Grand Valley home prices go up in 3Q
For the first time in more than two years, the median price of houses sold rose in the third quarter of 2010.
“It may be premature to declare a ‘bottom’ to the market, but this is the first hint that prices may be firming,” Bob Reece, president of Advanced Title Co., said in his third-quarter review of the Grand Valley real estate economy.
The increase to $195,500, up from $185,000 in the second quarter of the year, came against the backdrop of fewer sales over the same two periods: 602 in the third quarter, down from 752 in the second quarter.
The third-quarter sales also are down 22 percent from the 772 in the third quarter of 2009, which seemed to be tied to the end of federal tax credit for first-time homebuyers, Reece said in the newsletter.
Single-family home construction is slow, the newsletter said. The 84 permits pulled in the third quarter are 20 percent below the 106 pulled in the third quarter of 2009. For the first nine months of 2010, builders have pulled 277 permits, down 9 percent from the 302 during the same period a year previous.
In another sign that economic recovery remains a ways off, foreclosures remain high. Through September, there were 1,202 foreclosures, up 43 percent from the 841 filed through September 2009.
Through September, sales of all property types amounted to 1,896, or a drop of 9 percent from the 1,998 sales through the first nine months of 2009.

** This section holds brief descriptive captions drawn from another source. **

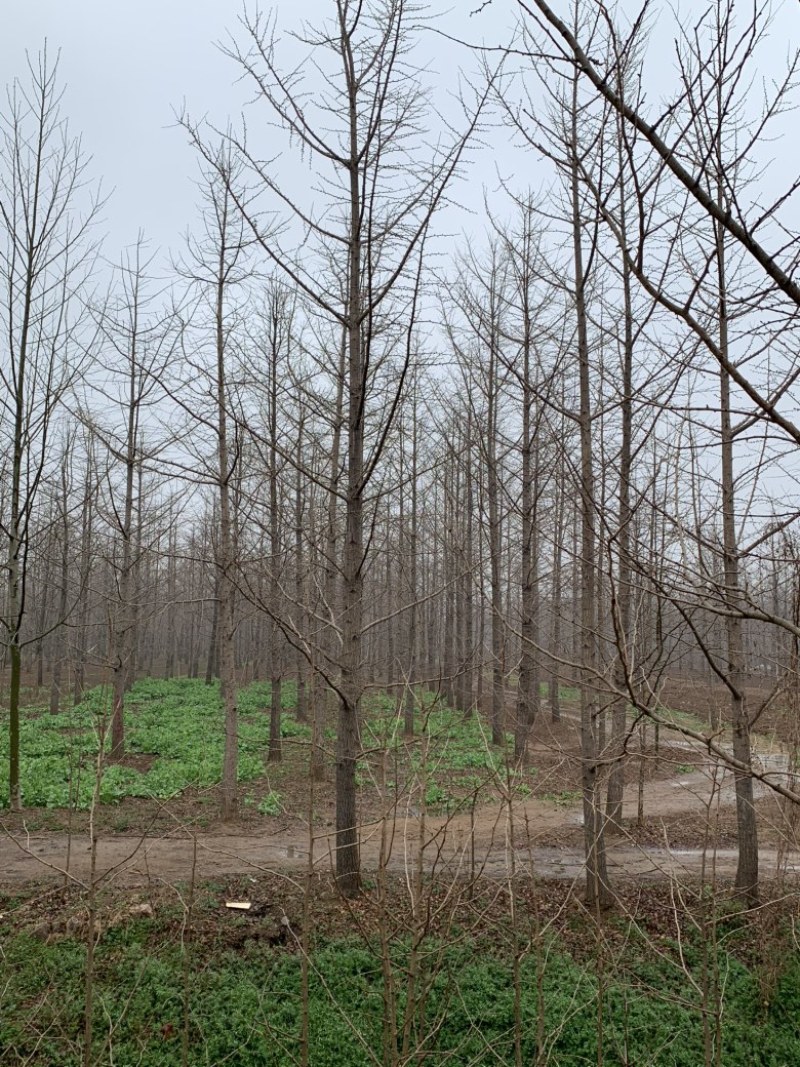 邳州市银杏树10公分银杏树银杏树价格苗圃直销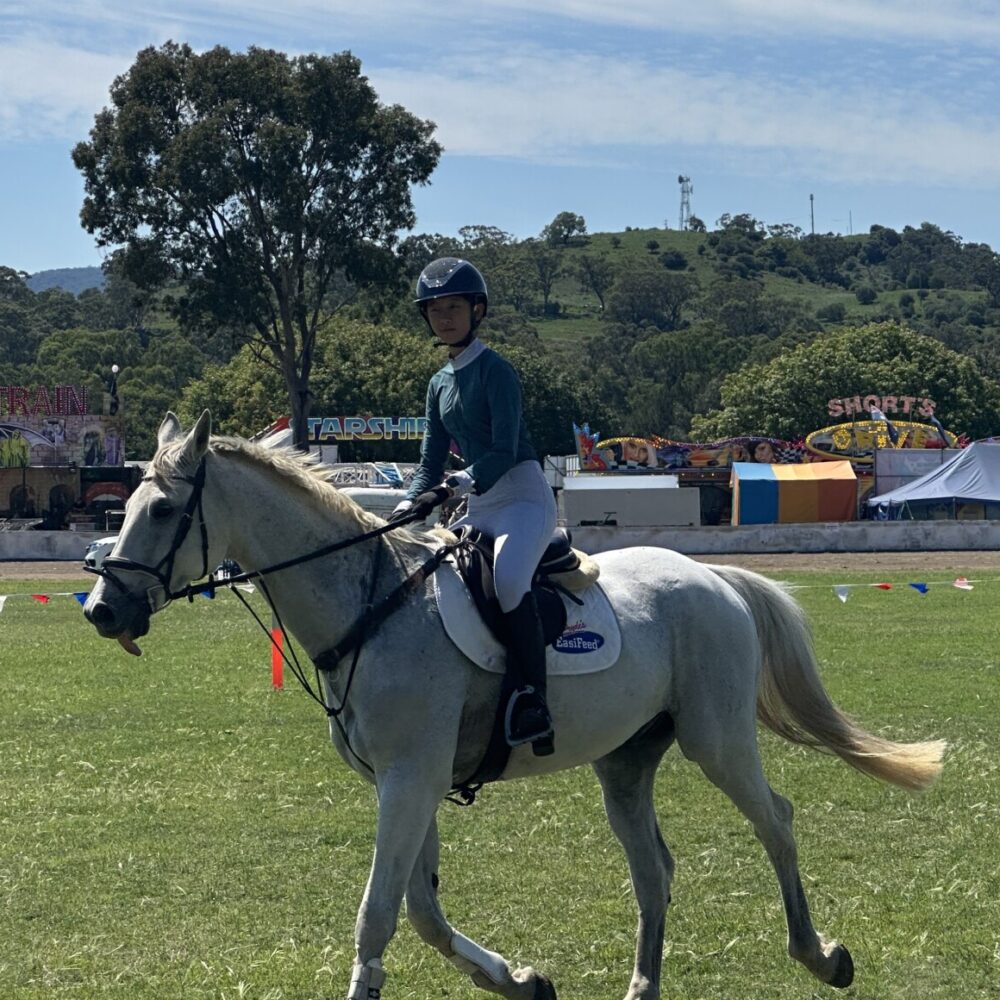 Equestrian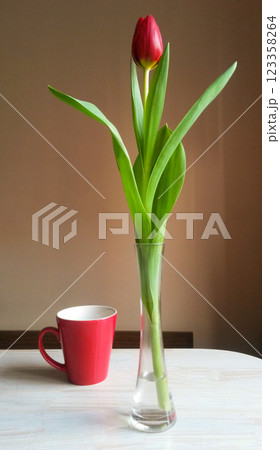 beautiful red tulip in a glass vase on the table 123358264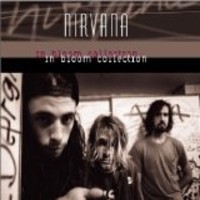 In Bloom Collection by Nirvana album cover art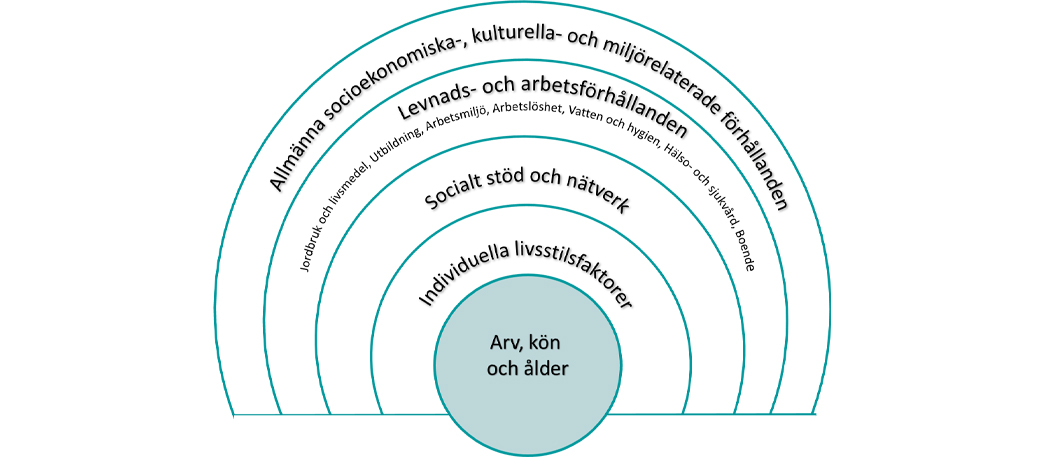 Figur över hälsans bestämningsfaktorer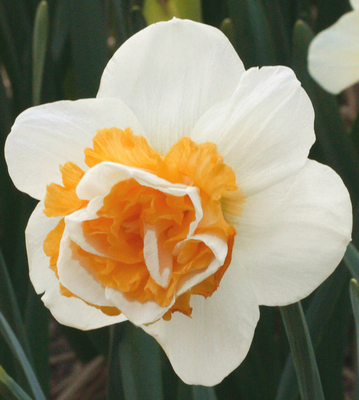 Narcisses Love Call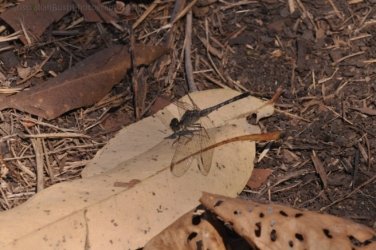 Mamukala Wetlands Kakadu 024 DSC 0738 Mamukala Wetlands Kakadu 024 DSC 0738
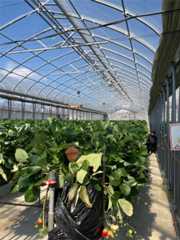 f:id:narutabi:20250209111855j:image f:id:narutabi:20250209111855j:image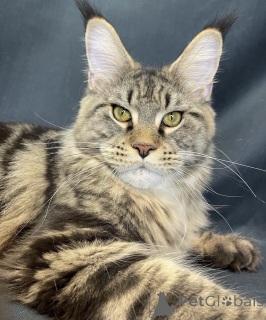 Photo №2 de l'annonce № 162317 de la vente maine coon - acheter à USA éleveur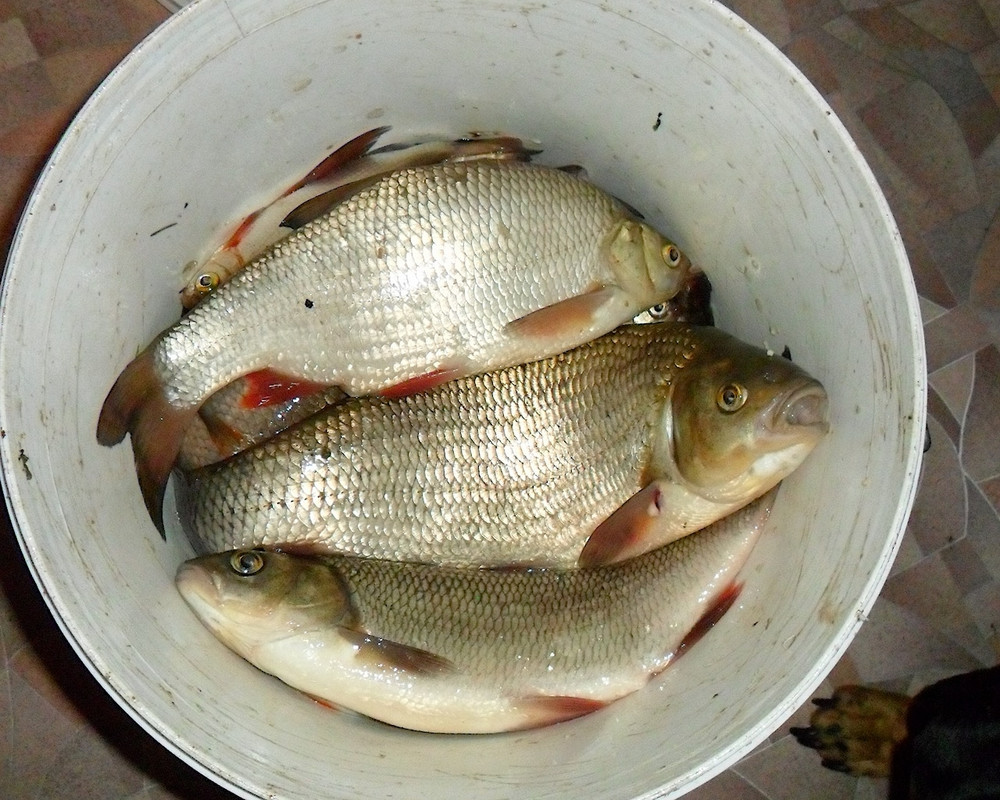 Кама 20.06.13 г 05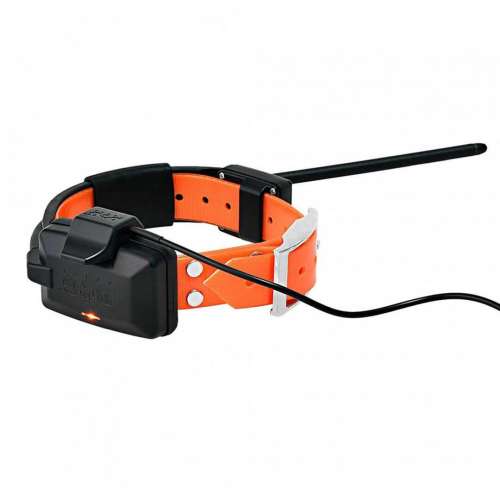 obojek-pro-dalsiho-psa-dog-gps-x25t__mi001-2549.jpg
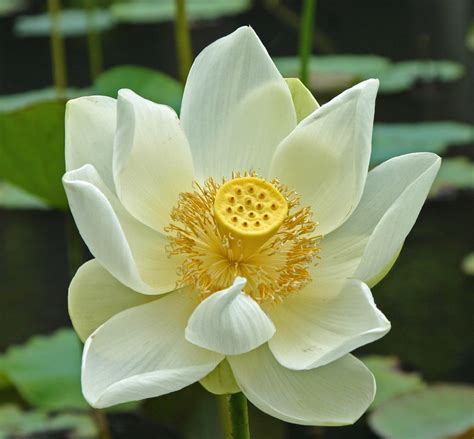 white lotus flower in mauritius | www.bildervonunten.de if a… | Flickr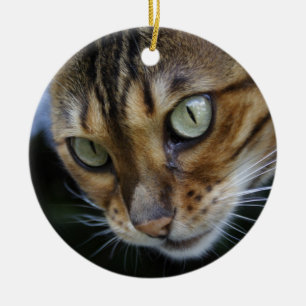 Gorgeous Bengal Cat Ceramic Tree Decoration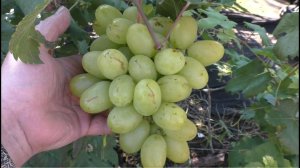 Виноград 2022. Казимир - сигналки на прививке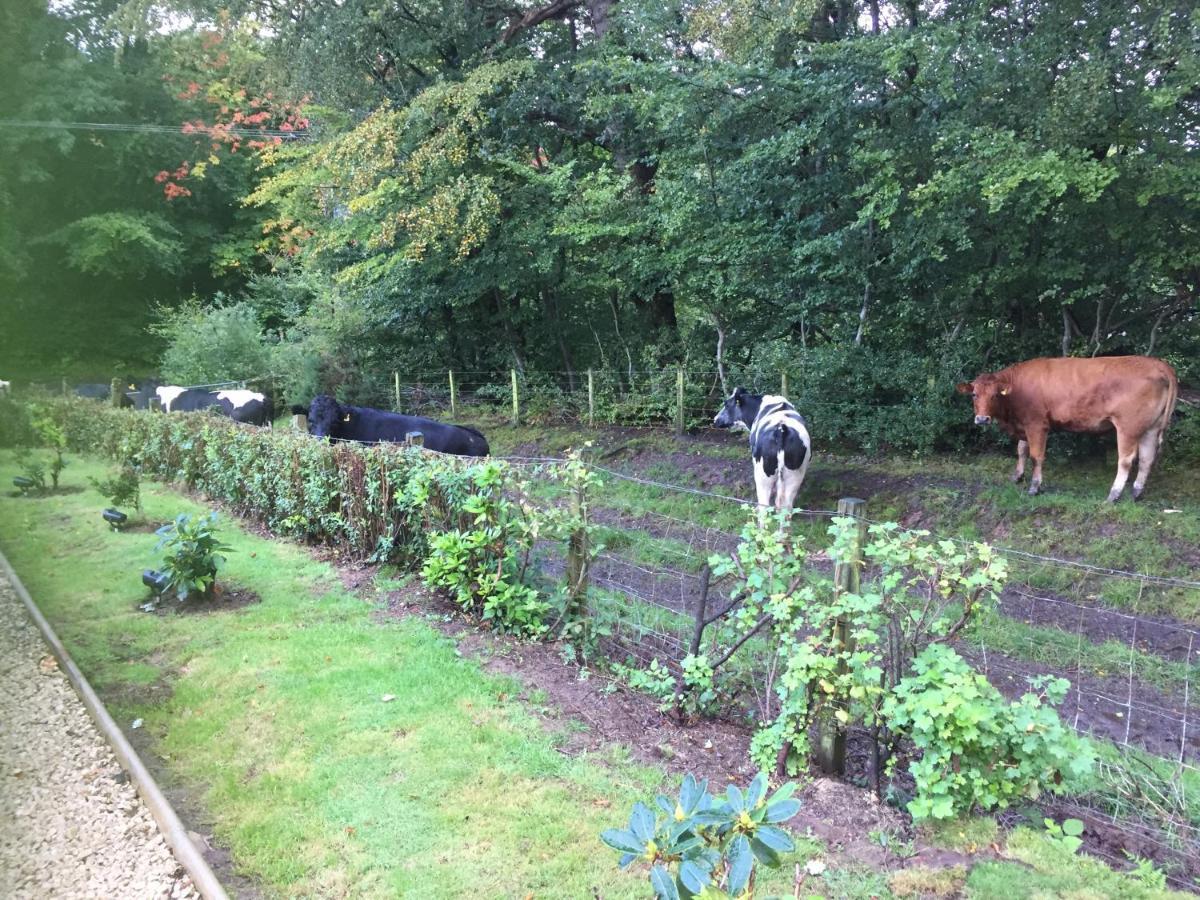 Retreat At The Knowe Auchincruive Estate Bed & Breakfast Ayr Bagian luar foto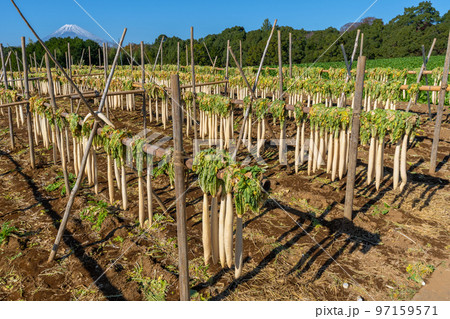 箱根西麓の風物詩「大根干し」　富士山 97159571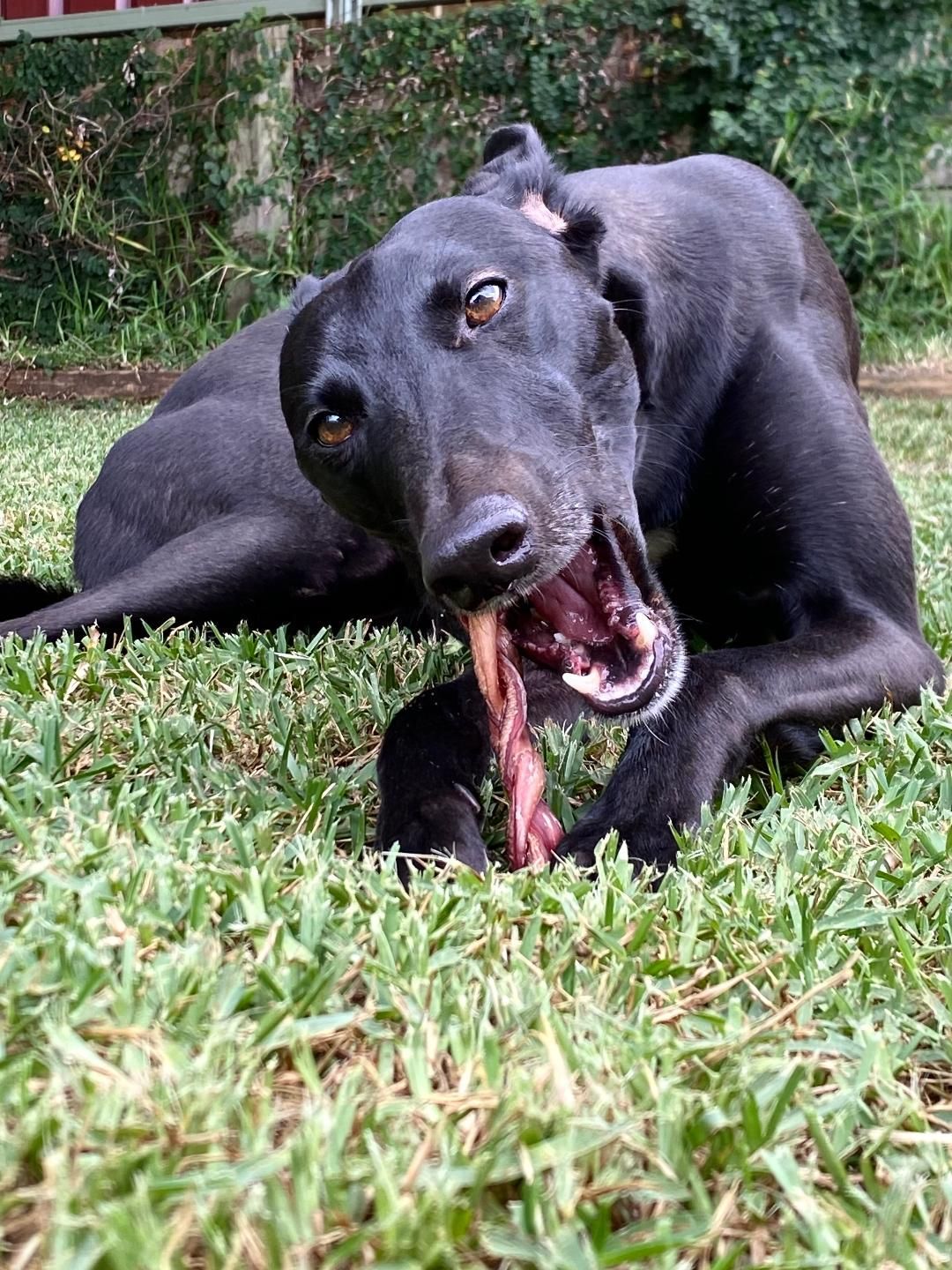 A black dog is chewing on a bone in the grass — Cessnock Pet & Greyhound Supplies in Cessnock, NSW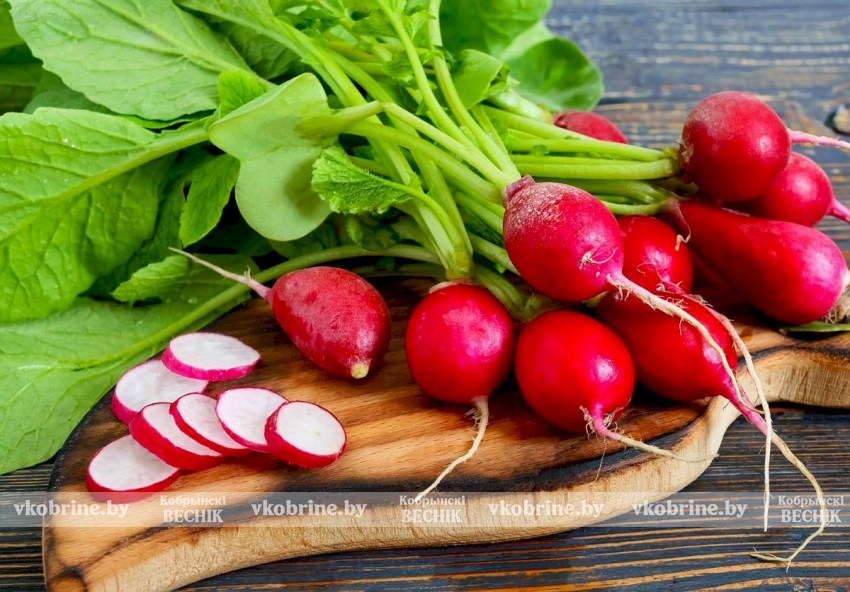 Мы знаем, что вы соскучились по свежим овощам! Рассказываем, как быстро вырастить молодой редис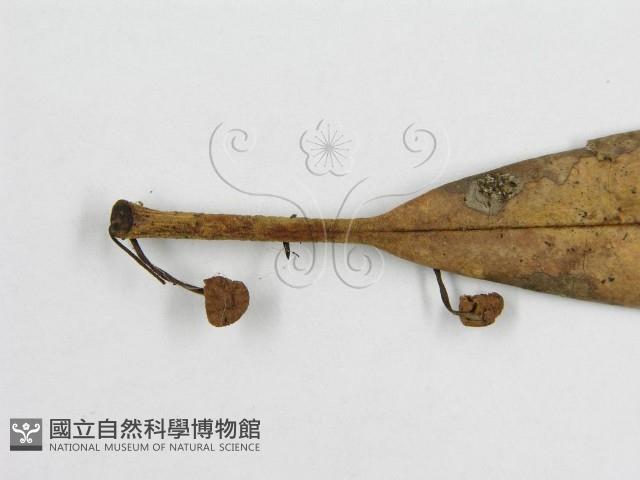 微皮傘屬藏品圖，第5張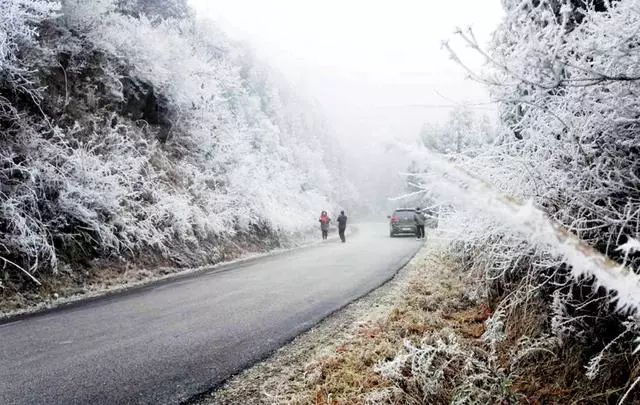 超美柳州多地绝美雾凇奇观图大全雨夹雪冻雨冰冻还将持续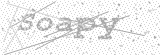 Security Picture (click to change)
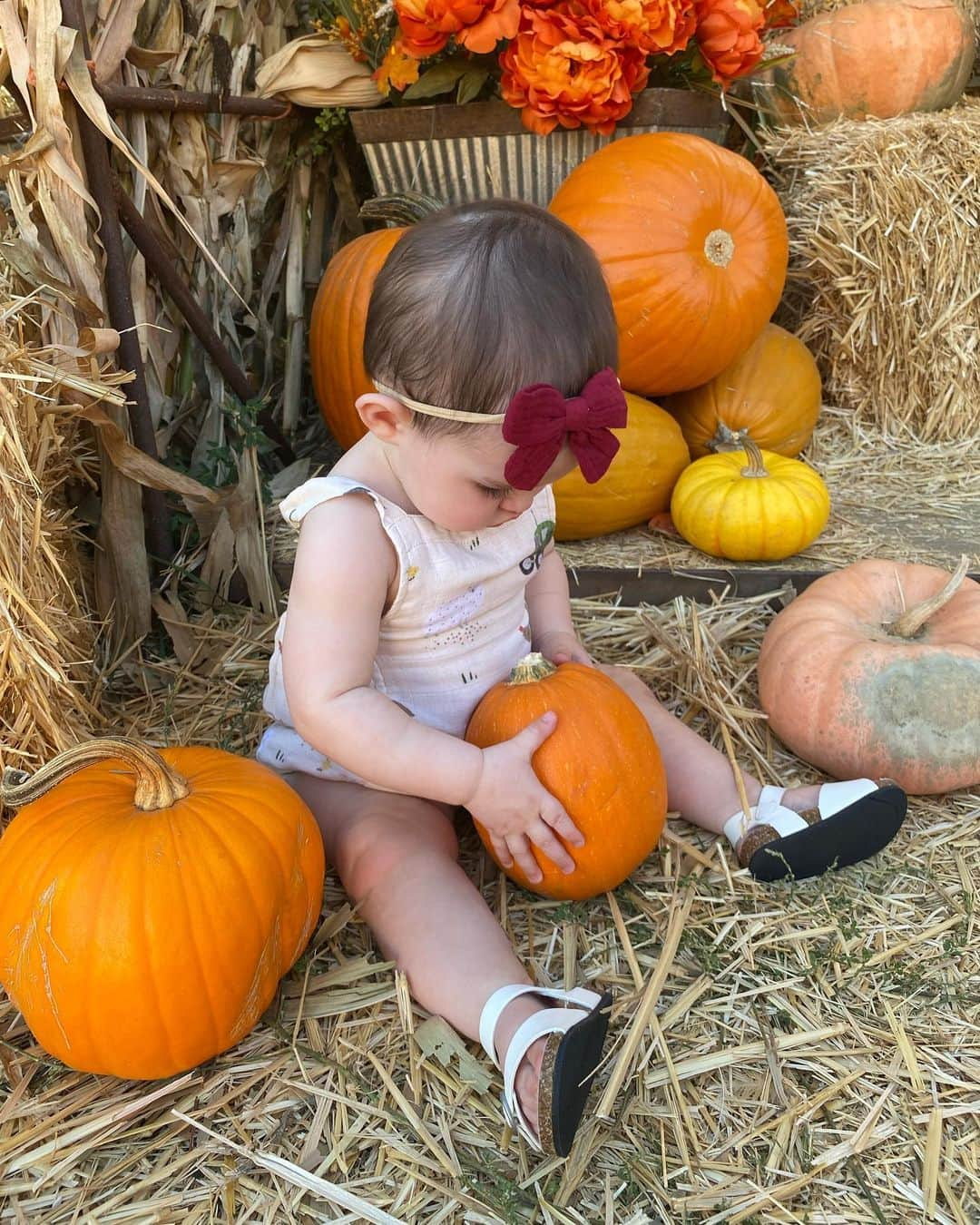 ヴィック・フエンテスさんのインスタグラム写真 - (ヴィック・フエンテスInstagram)「Violet’s first pumpkin patch 🎃」10月17日 9時01分 - piercethevic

Given all the conflicting signals, it’s too early to draw any strong conclusions about the state of the Grand Valley economy, Reece said.
For instance, while it might seem as though dropping interest rates could explain the solidity of housing prices, it would be reasonable to expect that low interest rates would also feed more purchases, something that Reece noted didn’t happen.
The increase in the median home price “could be a blip,” he said. “Over the course of the next few quarters we’ll know for sure.”